Problem to work on |
Taking the listing below, restate word for word each line from the line with "summer photo 118177975" to the line with "Petra Klinger prepares", ends included, and stop there.

Material supplied |

————

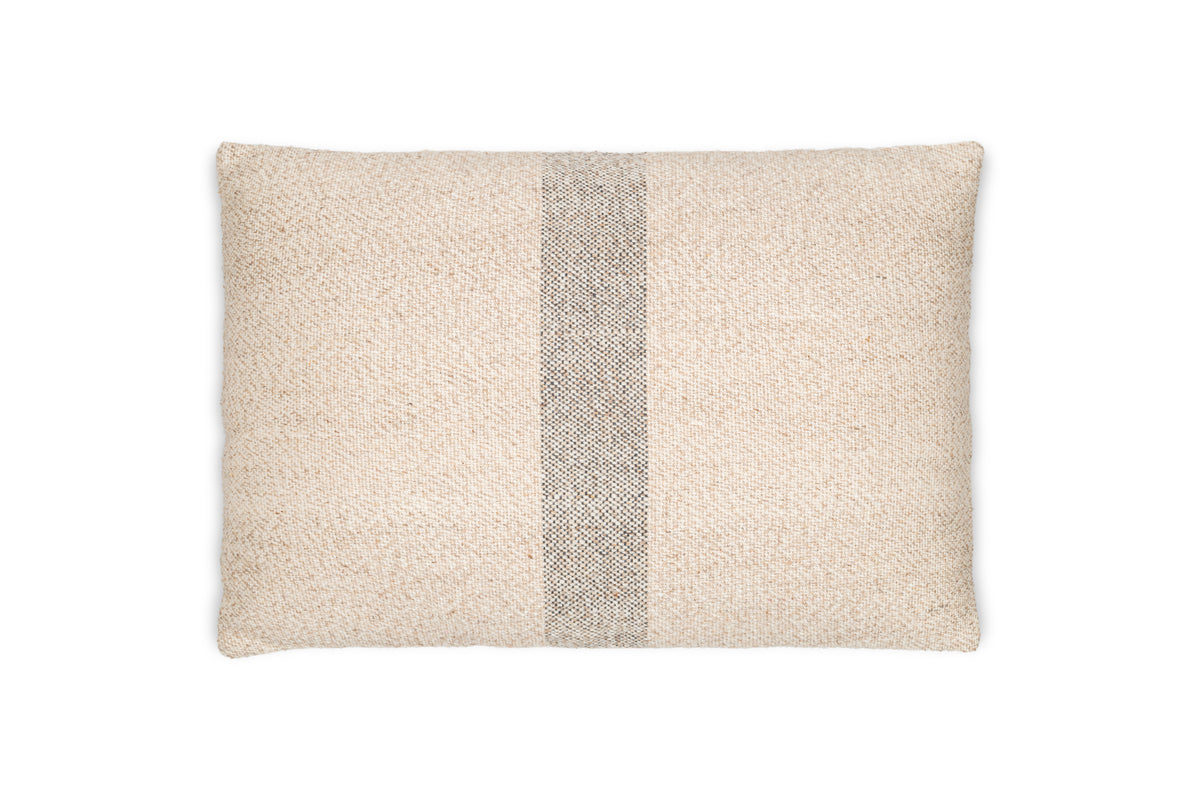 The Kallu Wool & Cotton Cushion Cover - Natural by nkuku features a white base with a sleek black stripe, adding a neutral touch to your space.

————

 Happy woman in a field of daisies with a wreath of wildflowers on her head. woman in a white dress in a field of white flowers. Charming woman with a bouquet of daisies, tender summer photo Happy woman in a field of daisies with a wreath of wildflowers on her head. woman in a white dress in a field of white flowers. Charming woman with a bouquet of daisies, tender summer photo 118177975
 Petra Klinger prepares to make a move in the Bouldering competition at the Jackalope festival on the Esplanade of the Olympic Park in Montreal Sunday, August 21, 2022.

————

Output of the task |
 Happy woman in a field of daisies with a wreath of wildflowers on her head. woman in a white dress in a field of white flowers. Charming woman with a bouquet of daisies, tender summer photo Happy woman in a field of daisies with a wreath of wildflowers on her head. woman in a white dress in a field of white flowers. Charming woman with a bouquet of daisies, tender summer photo 118177975
 Petra Klinger prepares to make a move in the Bouldering competition at the Jackalope festival on the Esplanade of the Olympic Park in Montreal Sunday, August 21, 2022.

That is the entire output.